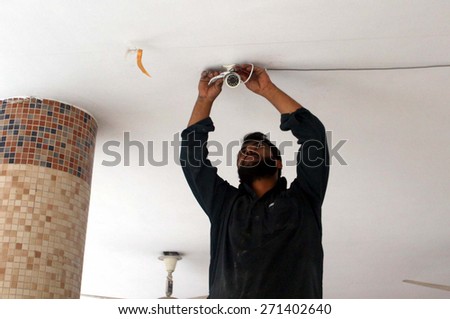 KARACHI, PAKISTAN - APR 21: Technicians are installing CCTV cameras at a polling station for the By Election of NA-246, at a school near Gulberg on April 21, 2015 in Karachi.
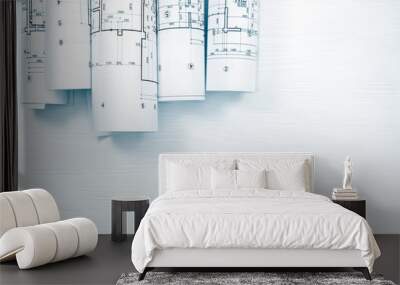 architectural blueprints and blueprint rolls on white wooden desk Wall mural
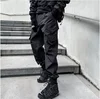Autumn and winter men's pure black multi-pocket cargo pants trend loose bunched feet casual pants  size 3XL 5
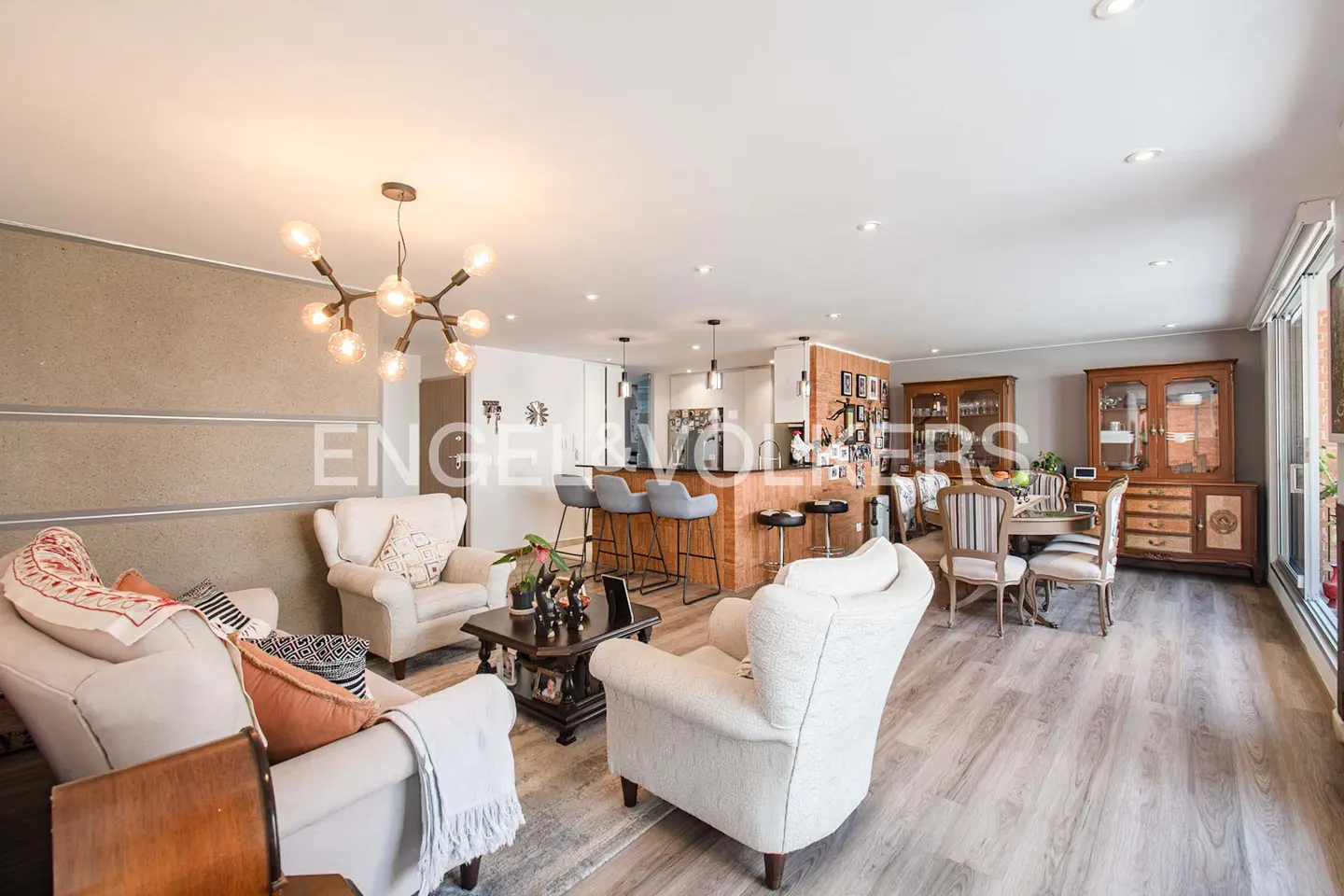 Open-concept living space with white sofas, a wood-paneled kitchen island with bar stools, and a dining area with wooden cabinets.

Work item:
Give back the data exactly, with no images.

Answer box:
 KARACHI, PAKISTAN - APR 21: Technicians are installing CCTV cameras at a polling station for the By Election of NA-246, at a school near Gulberg on April 21, 2015 in Karachi.
 architectural blueprints and blueprint rolls on white wooden desk Wall mural
Autumn and winter men's pure black multi-pocket cargo pants trend loose bunched feet casual pants  size 3XL 5
 Open-concept living space with white sofas, a wood-paneled kitchen island with bar stools, and a dining area with wooden cabinets.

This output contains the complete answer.